Après avoir parlé d’ivresse et d’enthousiasme, Nietzsche est obligé finalement, en face de l’univers qu’il conçoit, de faire appel à notre courage ; et il le fait en accens héroïques.

« Il y a quelque chose en moi que j’appelle courage : c’est ce qui a tué jusqu’à présent en moi tout mouvement d’humeur…

« Car le courage est le meilleur meurtrier, — le courage qui attaque : car dans toute attaque il y a fanfare.

« L’homme, cependant, est la bête la plus courageuse ; c’est ainsi qu’il a vaincu toutes les bêtes. Aux sons de la fanfare, il a surmonté toutes les douleurs ; mais la douleur humaine est la plus profonde douleur.

« Le courage tue aussi le vertige au bord des abîmes ; et où l’homme ne serait-il pas au bord des abîmes ? Regarder même, n’est-ce pas regarder les abîmes ?

« Le courage est le meilleur des meurtriers ; le courage tue aussi la pitié. Et la pitié est le plus profond abîme ; aussi profondément que l’homme voit dans la vie, il voit dans la souffrance.

« Le courage est le meilleur des meurtriers, le courage qui attaque ; il finira par tuer la mort, car il dit : « Comment ? était-ce là la vie ? Allons ! recommençons encore une fois !

« Dans une telle maxime, il y a beaucoup de fanfare. Que celui qui a des oreilles entende ! »

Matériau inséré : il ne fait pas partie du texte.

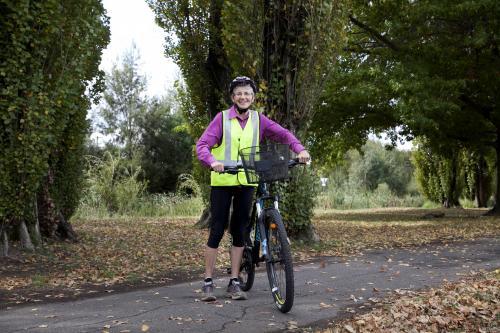 Woman in high visability vest standing with bike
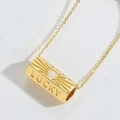 Macro shot of gold Lucky pillar pendant with heart motif and zircon inlay detail - White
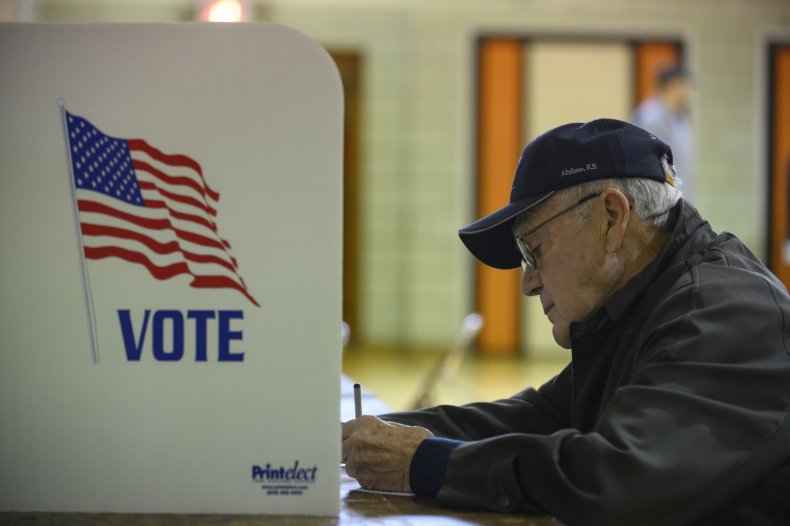 A man fills his ballot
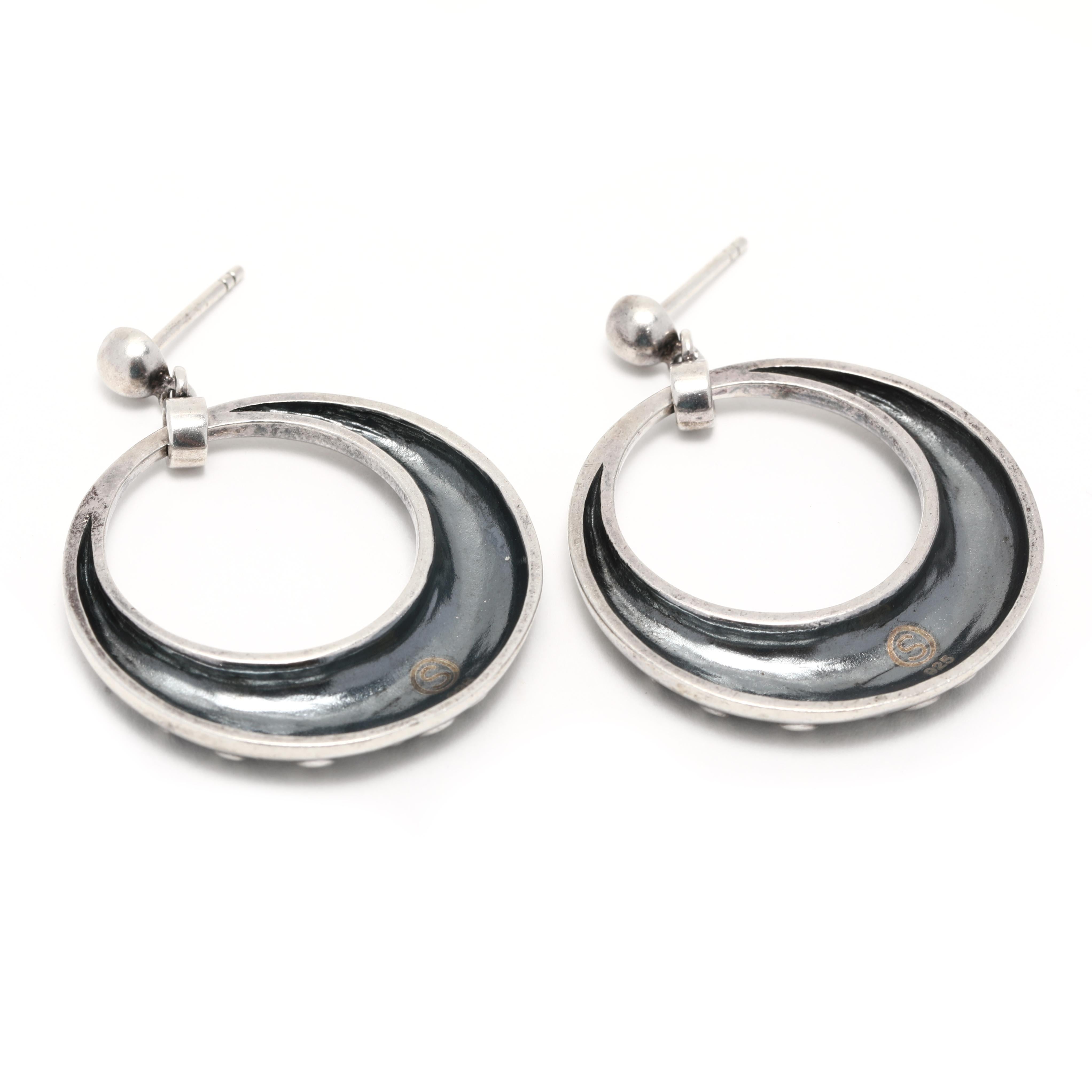 These stunning vintage open circle scroll detail dangle earrings are crafted from sterling silver and measure 1 3/8 inches in length. These unique silver earrings feature a delicate open circle detail that is perfect for any occasion. Their dangle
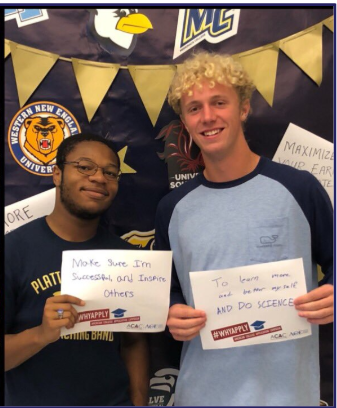 two students holding written goals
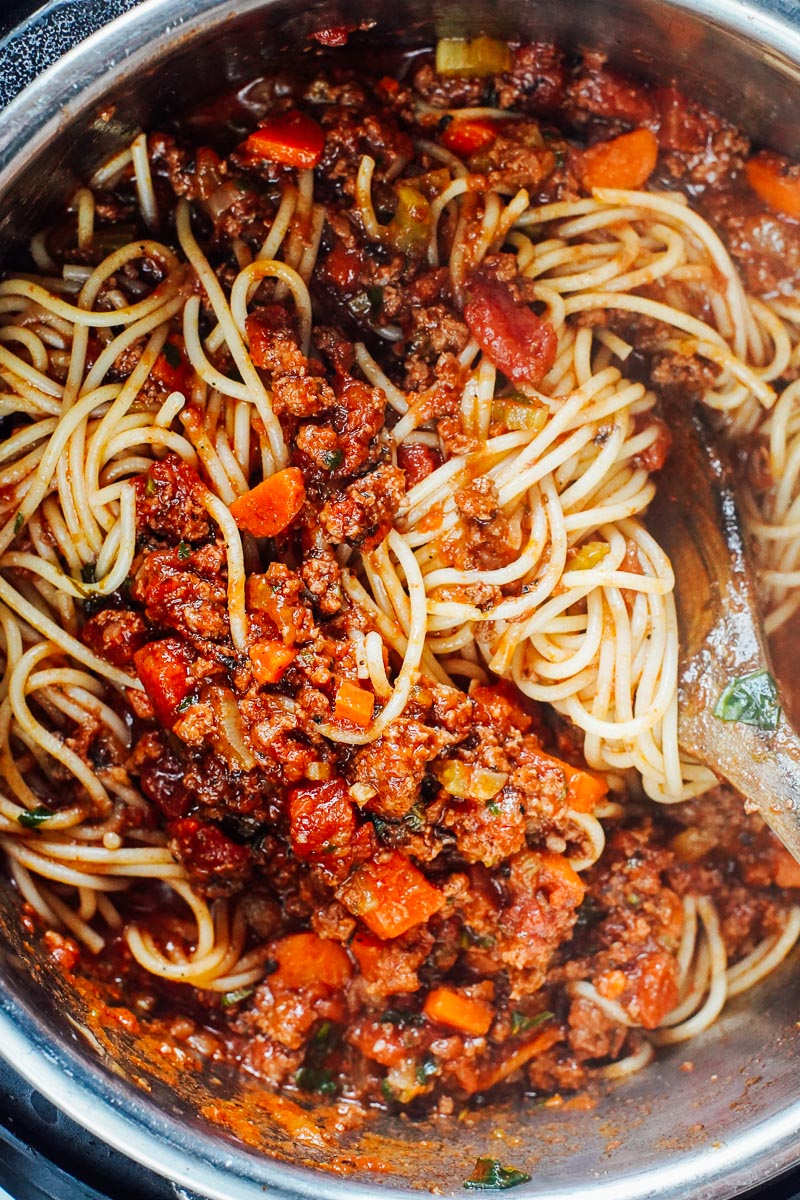 Mixing the bolognese sauce with the pasta.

Oui, nous croyons entendre. Ce courage, c’est une fanfare d’un nouveau genre, la fanfare de la résignation, qui jusqu’à présent s’exprimait plutôt par un soupir que par un cri de joie. Allons ! recommençons encore une fois ! » Recommençons même une infinité de fois, et dans une infinité de lieux ; recommençons les mêmes craintes, les mêmes espérances suivies des mêmes désillusions, les mêmes douleurs, les mêmes déchiremens de cœur au moment des adieux.